BEGIN
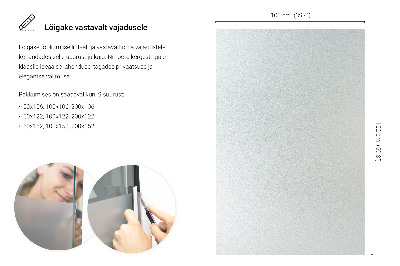 Okenní fólie mléčná, průsvitná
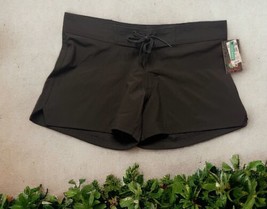 NWT Burnside Swim Trunks Womens Size Medium Black Surf Surfer Board Shorts - £18.17 GBP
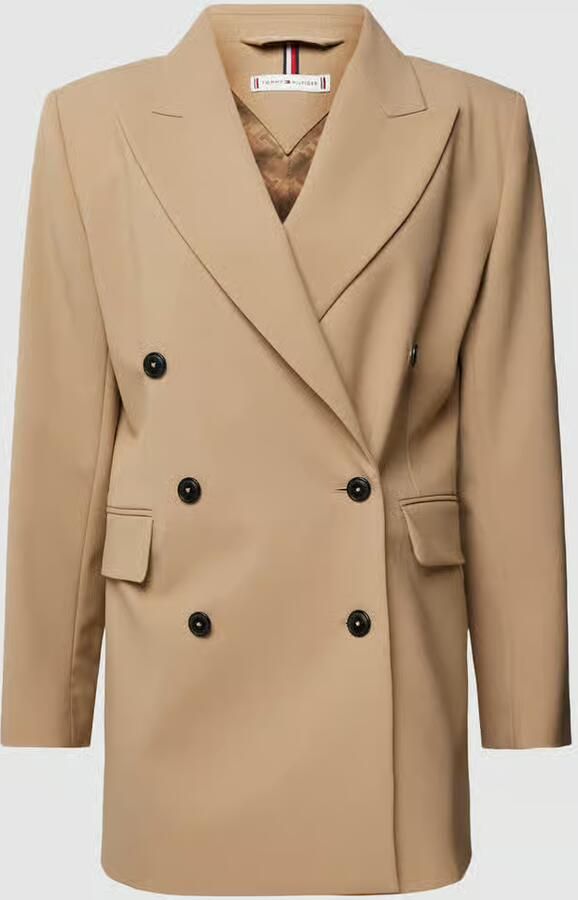 Tommy Hilfiger Elegant Beige Double-Breasted Coat Beige Dames - Foto 2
END
● **Work to be completed**: Reproduce the material above exactly but drop all images.

● **Output of the task**:
 Okenní fólie mléčná, průsvitná
 NWT Burnside Swim Trunks Womens Size Medium Black Surf Surfer Board Shorts - £18.17 GBP
 Tommy Hilfiger Elegant Beige Double-Breasted Coat Beige Dames - Foto 2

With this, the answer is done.